7.BÖLÜM "Arena."

908 118 14
                                    


Beren'den..

Yine bir bilinmezlik kuşağı yine bir "biz ne bok yedik" hallerinin içine düşmüştük. Bu hastanenin başımıza bela açacağına emindim. Daha işe başlamadan hastaneye mahkum hale gelmiştik. Sara kendini kör kurşunların önüne atmış bizi ışığı görünmeyen bir tünele sokmuştu. Şimdi de öylece binaya giriyordu. Bizi eve bırakan adamlardan biri Sara'ya yolda gelirken butikten aldıkları bir kutuyu vermişti. Şimdi ise Sara usulca binadan içeri giriyordu. Adam direksiyonun başına tekrar dönünce elbette aklımdaki soruları sormaya başladım.

"Tam olarak kutunun içinde ne var?"

Ses yok...

"Hayır yani bomba da olabilir."

Ses yok...

Ses yok onun yerine aynadan atılan delici kesici bakışlar var. Sorularıma cevap bulamayacağımı anlayınca mecburen sustum. Çok geçmeden bizim binanın önünde durduk. Bu adamları bir yerden tanıyor gibiydim onlar öylece arabadan inmemi beklerken ben gözlerimi kısmış adamlara bakıyordum. Hafızamı biraz zorladıktan sonra nihayet hatırladım. Bu adamlar geçen gün Sara'yı takip eden adamlardı. Allah'ım organize suç çetesine mi denk gelmiştik böyle ?

Eve girip kendimi güvende hissetmeye başlayınca Sara'ya yazmak için doğru zaman olduğunu düşündüm.

"Kutuda ne varmış ?"

Başımıza gelecekleri aklım kestiremiyorken hala magazin kovalıyordu bünyem. Sara'dan cevap beklerken aklıma bugün yaralı olan adam geldi. Nasıldı acaba. Bana neden gitmem gerektiğini söylemişti daha da önemlisi onu bu hale kim getirmişti ? Telefonun sesiyle yerimden sıçradım hemen mesajı açtım.
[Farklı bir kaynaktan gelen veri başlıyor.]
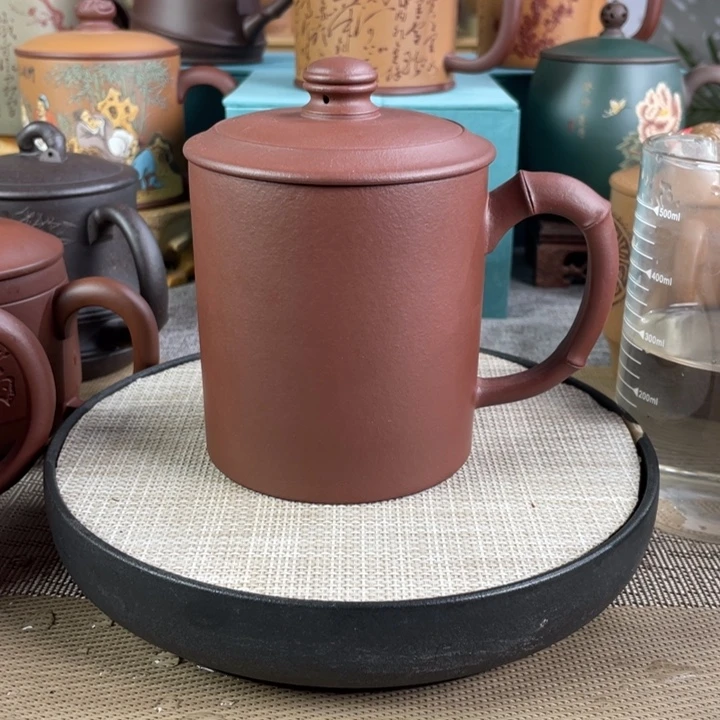 茶杯紫砂紫砂杯杯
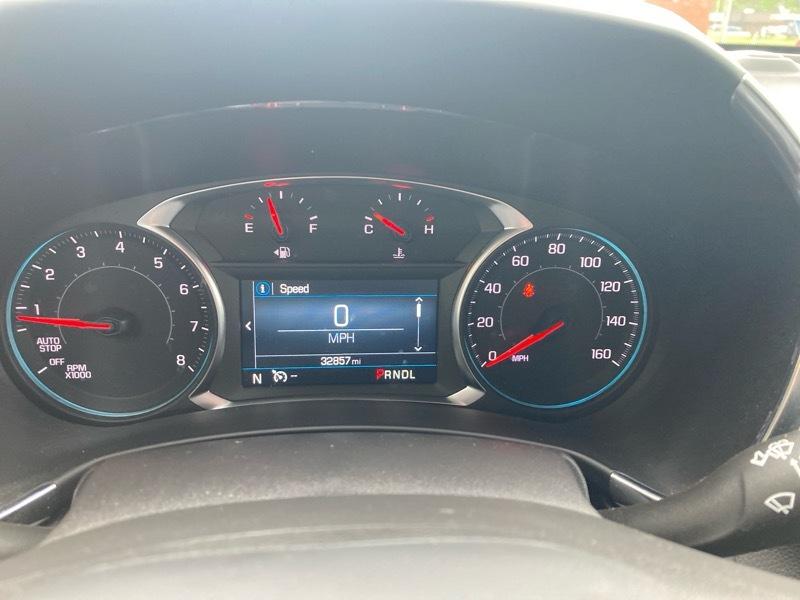 Chevrolet Equinox FWD 4dr LT w/1LT 2024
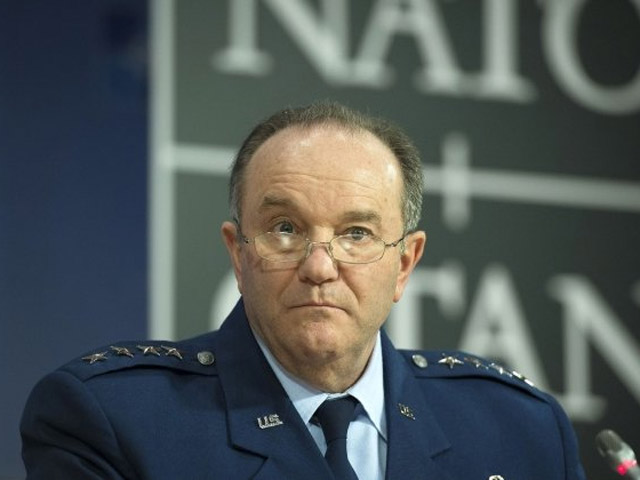 НАТО не може підтвердити відведення бойовиками важкої техніки – Брідлав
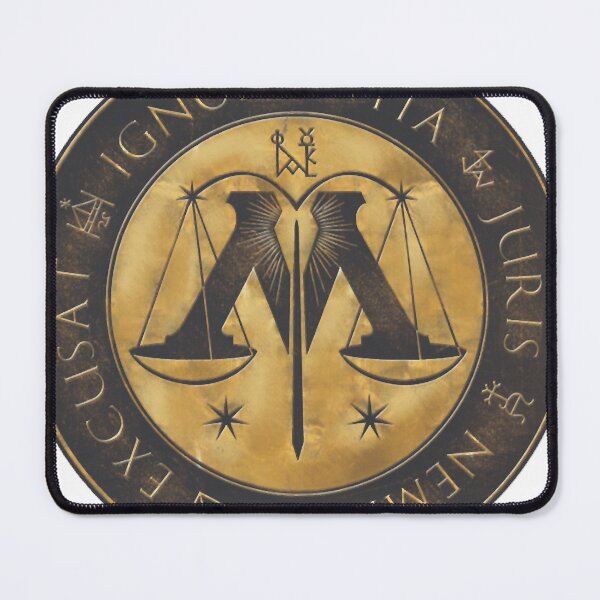Item preview, Ministry of Magic designed and sold by lazo-shanti.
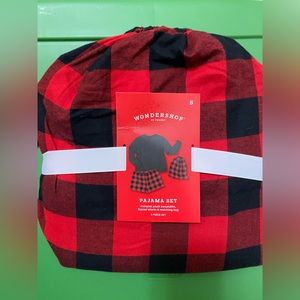 Wondershop Women’s Pajama Set, Size Small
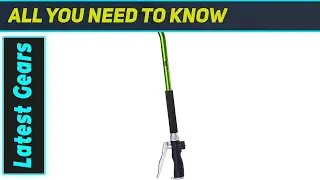 Green Mount Watering Wand &ndash; The Best Lightweight Wand for Effortless Plant Care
"Bomba varmış Beren patlıyorum ben şuan yazarım sana sonra öptümm."

Konuşmak istemiyordu çünkü başımıza gelecekleri daha kötüsü başına gelecekleri bilmiyordu. Yavuz'un hayatını burnundan getirmesi gibi bir ihtimal vardı sonuçta.
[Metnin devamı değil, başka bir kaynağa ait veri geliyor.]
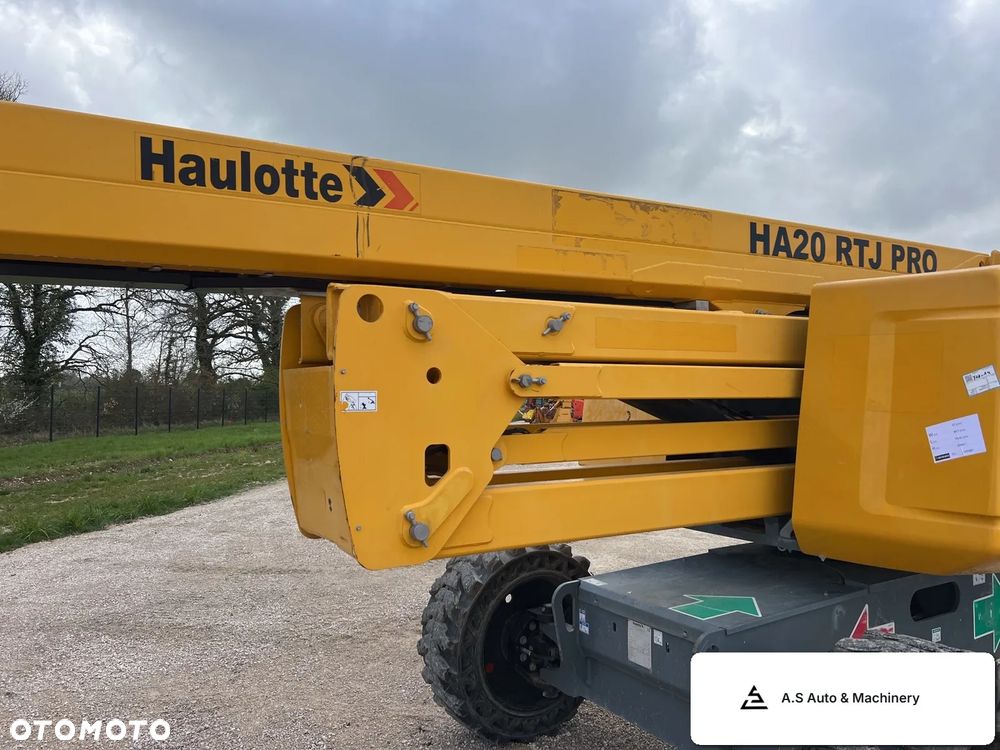 Haulotte HA20 RTJ PRO - 6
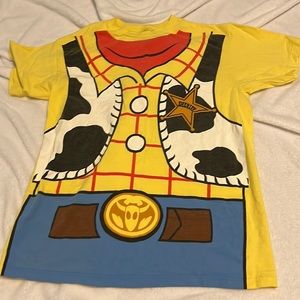 Woody- Toy story short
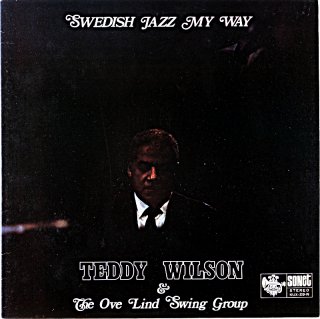 TEDDY WILSON SWEDISH JAZZ MAY WAY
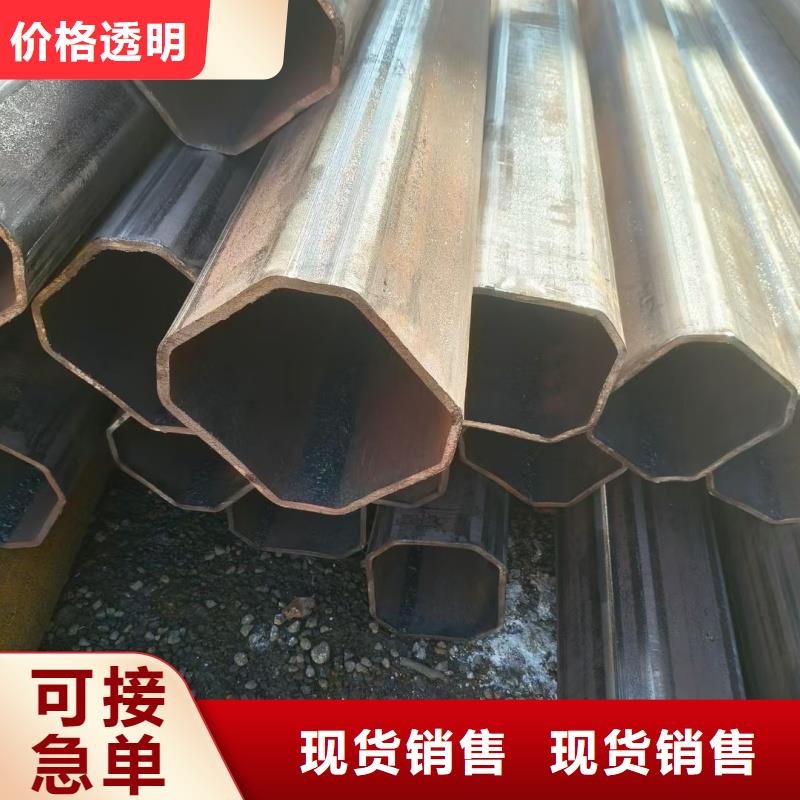 18*51镀锌六角管来图定制加工
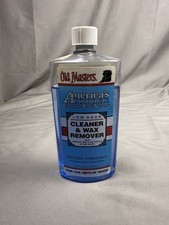 Old Master Cleaner & Wax Remover 16oz American’s Complete Furniture Care System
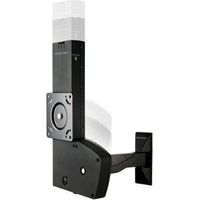 ERGOTRON Ergotron Monitor & TV Schiebe-Wandhalterung LD-X bis 42 Zoll (Schwarz) (61-113-085)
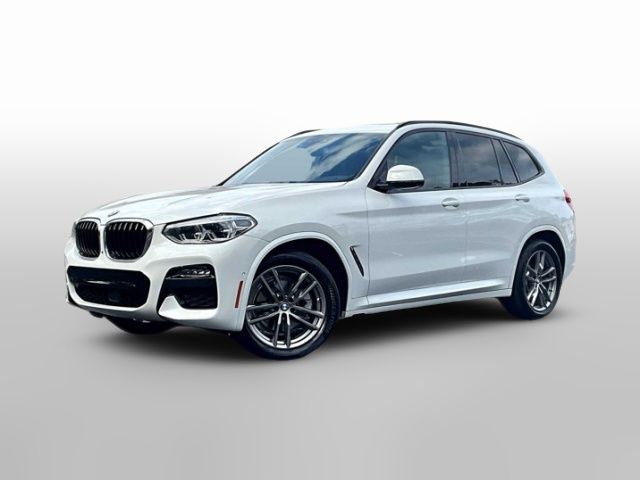 2020 BMW X3 sDrive30i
Geri kalan saatleri olup biten tüm bu olayları düşünmemeye çalışarak geçirdim. Kutuda ne olduğunu düşündüm biraz. Sonuçta adam kutuyu bir butikten almıştı. İçinde elbise falan vardır. Yani inşallah elbise vardır.
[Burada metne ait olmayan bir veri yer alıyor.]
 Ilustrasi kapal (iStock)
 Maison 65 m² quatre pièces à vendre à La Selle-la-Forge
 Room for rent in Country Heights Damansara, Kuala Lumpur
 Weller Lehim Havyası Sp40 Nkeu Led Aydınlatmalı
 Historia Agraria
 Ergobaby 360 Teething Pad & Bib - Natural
Sonrasın da aklıma yaralı ceylan geldi ama onu düşünmem bana hiçbir şey kazandırmazdı. Yemek yedikten sonra her akşam olduğu gibi yine herkes köşesine çekildi. Bende odamda siyaha boyadığım duvarlarıma bakıyordum. Sara'ya defalarca mesaj atmıştım ama ya beni geçiştirmiş ya da görüldü atmıştı. Yapacak bir şey kalmadığından ve günün yorgunluğunu artık atmam gerektiğinden uyumaya karar verdim. Siyah marvel pijamalarımı giyip dişlerimi fırçaladım. Göz bandımı taktım ve vücuduma hadi uyu mesajları göndermeye başladım. Ben yatakta bir sağa bir sola dönerken telefonum titremeye başladı Sara'nın aradığını düşünerek göz bandımı çıkardım ve telefonu elime aldım. Arayan yabancı bir numaraydı.

"Alo ?"

"Aşağı in."

Ve telefon kapanır. Bu neydi şimdi ? Tabi ki de aşağı inmeyecektim. Canımızı sokakta bulmadık herhalde. Saçma sapan olaylar yaşıyorduk ve yaşamaya da devam edecektik. Tekrar uyumaya çalıştığım sırada Sara'dan mesaj geldi.

"Aşağı in Beren."

Haydaaaaa hedef ben miyim tayfun ? İki gün önceki sessiz sakin hayatımızdan eser kalmamıştı. Sara'nın da işin içine dahil olması elbette beni tedirgin etmişti.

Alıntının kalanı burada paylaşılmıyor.